There seems to be a segment of Yankeesland angry over the signing of Brennan Boesch. I understand he had a terrible year last year and he is left-handed, but the anger is misplaced. It’s a small investment of $1.5-million and the Yankees can send him to the minors. And its important to remember that he is only 27 so there is a decent chance he rebounds from the .240/.286/.372 he hit last season.
Maybe the anger is more about the fact that the Yankees need to take a flier on a guy like Boesch. What the injuries to Granderson and Teixeira have exposed is how thin the Yankees are depth-wise. At this point it seems very likely that the Yankees will open the season with three guys they signed to minor league deals and two of them will be guys they signed in the past week. Unless another move is made, you have to think that Juan Rivera will open up at first with Ben Francisco and Boesch splitting time in right. It’s not exactly an optimal situation but there is not much else the Yankees can do.
So, Boesch may not be anything to get overly excited about, but at least the Yankees are gambling on a guy who isn’t over 30. The Yankees have taken a flier on a guy who could help right now and also provides some insurance if Travis Hafner breaks down. In addition, he is not eligible for free agency until 2016, so he provides a possible low-cost option for next year as well. Is an outfield of Boesch, Gardner and Ichiro something to drool over? Of course not, but it’s the probably the best the Yankees can do right now.
I speculated about this last weekend, but apparently Joe Girardi has made it official- Curtis Granderson will play center when he returns from his broken arm. It’s unfortunate because I don’t think Granderson is much of a center fielder anymore.
What surprised me about the article I linked to is the comment from Girardi saying he would play Mesa in center and Gardner in left if Mesa made the team. Mesa is certainly considered a very good defender, but so is Gardner. Maybe it’s simply a case of putting the rookie in the spot that makes him the most comfortable, but it doesn’t thrill me. A 2014 outfield of Gardner-Mesa-Ichiro might hit 30 homers between them. However, Gardner in center and a free agent in left would make a lot more sense.
Then again, Mesa needs to not only win the job in 2013, he needs to win it for 2014. We shall see.
According to reports Curtis Granderson has broken his forearm and will miss approximately ten weeks. That figure includes rehab, according to Jack Curry, but it means the Yankees will not have Granderson in the lineup until early May.
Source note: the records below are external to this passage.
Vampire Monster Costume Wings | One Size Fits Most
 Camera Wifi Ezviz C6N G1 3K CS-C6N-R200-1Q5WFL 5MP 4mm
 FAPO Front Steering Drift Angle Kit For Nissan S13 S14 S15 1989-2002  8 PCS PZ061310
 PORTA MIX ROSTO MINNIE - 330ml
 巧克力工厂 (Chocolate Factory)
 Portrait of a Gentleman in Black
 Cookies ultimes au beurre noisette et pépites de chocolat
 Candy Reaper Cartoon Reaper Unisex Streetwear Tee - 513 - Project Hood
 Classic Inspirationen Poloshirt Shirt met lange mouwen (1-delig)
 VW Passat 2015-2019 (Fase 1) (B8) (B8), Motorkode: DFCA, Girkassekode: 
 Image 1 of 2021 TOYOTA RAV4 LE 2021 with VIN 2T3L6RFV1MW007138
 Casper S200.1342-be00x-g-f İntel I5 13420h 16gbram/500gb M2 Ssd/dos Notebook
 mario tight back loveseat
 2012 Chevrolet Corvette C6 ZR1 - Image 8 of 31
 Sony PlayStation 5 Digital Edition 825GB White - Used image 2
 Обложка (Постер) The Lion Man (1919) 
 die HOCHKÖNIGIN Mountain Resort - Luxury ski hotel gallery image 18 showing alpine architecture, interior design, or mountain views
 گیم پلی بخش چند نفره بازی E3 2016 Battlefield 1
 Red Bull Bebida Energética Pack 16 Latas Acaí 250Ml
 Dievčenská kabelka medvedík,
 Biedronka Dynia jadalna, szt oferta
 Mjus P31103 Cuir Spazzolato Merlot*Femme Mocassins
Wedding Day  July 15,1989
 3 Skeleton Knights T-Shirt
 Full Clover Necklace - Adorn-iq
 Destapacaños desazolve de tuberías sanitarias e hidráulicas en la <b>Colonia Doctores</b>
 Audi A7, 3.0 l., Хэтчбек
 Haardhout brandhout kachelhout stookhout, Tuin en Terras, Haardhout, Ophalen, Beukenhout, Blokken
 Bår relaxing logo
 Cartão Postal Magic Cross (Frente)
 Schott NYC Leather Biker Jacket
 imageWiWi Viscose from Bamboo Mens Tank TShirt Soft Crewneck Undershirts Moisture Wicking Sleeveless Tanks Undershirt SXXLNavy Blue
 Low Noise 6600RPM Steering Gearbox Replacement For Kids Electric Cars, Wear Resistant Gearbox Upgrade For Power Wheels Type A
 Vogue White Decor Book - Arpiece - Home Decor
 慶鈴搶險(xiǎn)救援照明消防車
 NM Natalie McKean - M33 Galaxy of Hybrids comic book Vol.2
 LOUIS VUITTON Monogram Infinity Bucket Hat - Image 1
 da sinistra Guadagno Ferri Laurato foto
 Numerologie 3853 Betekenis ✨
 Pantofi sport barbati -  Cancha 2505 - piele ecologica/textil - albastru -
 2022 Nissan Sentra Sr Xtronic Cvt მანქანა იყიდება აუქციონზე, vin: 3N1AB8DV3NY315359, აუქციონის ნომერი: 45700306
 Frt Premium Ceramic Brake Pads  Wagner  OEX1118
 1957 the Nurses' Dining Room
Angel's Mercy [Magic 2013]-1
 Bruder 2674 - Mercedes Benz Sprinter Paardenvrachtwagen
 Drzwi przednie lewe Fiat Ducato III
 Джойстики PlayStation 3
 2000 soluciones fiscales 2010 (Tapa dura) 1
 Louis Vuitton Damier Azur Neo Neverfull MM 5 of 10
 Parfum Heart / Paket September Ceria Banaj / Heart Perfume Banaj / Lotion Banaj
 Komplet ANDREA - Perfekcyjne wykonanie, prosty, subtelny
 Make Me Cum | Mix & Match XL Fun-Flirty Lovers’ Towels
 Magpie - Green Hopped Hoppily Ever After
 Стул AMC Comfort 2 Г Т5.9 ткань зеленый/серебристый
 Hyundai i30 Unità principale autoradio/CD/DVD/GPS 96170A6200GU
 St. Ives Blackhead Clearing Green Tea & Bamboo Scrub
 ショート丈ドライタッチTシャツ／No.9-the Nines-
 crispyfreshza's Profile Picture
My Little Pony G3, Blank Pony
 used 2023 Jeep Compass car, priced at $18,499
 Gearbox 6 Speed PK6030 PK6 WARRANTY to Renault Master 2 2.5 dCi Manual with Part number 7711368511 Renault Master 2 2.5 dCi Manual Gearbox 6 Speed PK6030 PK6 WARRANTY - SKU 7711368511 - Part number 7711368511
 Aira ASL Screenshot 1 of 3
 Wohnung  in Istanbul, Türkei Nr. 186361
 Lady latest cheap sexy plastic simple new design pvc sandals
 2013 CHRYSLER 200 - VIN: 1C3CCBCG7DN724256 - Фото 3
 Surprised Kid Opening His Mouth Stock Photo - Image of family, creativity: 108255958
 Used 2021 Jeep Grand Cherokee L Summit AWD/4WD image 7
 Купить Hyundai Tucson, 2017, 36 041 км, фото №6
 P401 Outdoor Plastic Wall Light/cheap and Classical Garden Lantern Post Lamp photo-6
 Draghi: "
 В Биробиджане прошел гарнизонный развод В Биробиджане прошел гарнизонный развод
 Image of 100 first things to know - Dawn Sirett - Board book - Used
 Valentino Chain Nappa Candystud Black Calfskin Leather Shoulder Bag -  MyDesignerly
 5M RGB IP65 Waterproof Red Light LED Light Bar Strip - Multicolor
This is exactly the type of injury the Yankees really couldn’t afford to suffer. They simply don’t have a lot of depth in the upper levels of the system and their options in camp aren’t great. Perhaps the best one is Thomas Neal. Neal is 24 and hit .314/.400/.467 in AAA last year. Unless Melky Mesa or Zolio Almonte is ready to make the leap to the bigs, its hard to see how Juan Rivera or Matt Diaz would be a better option.
In addition, this probably puts an end to the idea of Granderson in leftfield. Without the benefit of practicing the position in spring training, I can’t see the Yankees throwing him out there in the middle of the season. So, I would expect Gardner to play center until Curtis returns.
Local columnists aside, I can’t think anyone who has paid attention to the Yankees over the past few years is surprised at the news that the Yankees are moving Brett Gardner to center and Curtis Granderson to left. Granderson hasn’t looked great in the field the past few years and fielding stats back that impression up. His range factor was 10th in the AL. His UZR was an abysmal -17.8. Compare that to Brett Gardner who had amazing back-to-back UZR’s above 20 in 2010 and 2011 and had the second-highest range factor in the AL in 2011. (He only played 85 innings in the field in 2012, so I ignored those numbers.) Gardner is clearly the better fielder and moving him to center makes baseball sense.
But it also makes business sense. Granderson will be a free agent next season and there is a big price difference between a 40-home run centerfielder and a 40-home run leftfielder. By putting Granderson in left, the Yankees reduce his potential price tag, which might just allow them to keep him after 2013. (We can debate whether or not they will want to later.)
So, the Yankees improve their team and they improve their business potential, that’s a win-win in my book. Of course Granderson is the loser in all of this. By doing this the Yankees put a dent in his price tag and they force him to learn the toughest outfield position in Yankee Stadium. Granderson is not the type to complain, but I can’t imagine he is happy about any of this.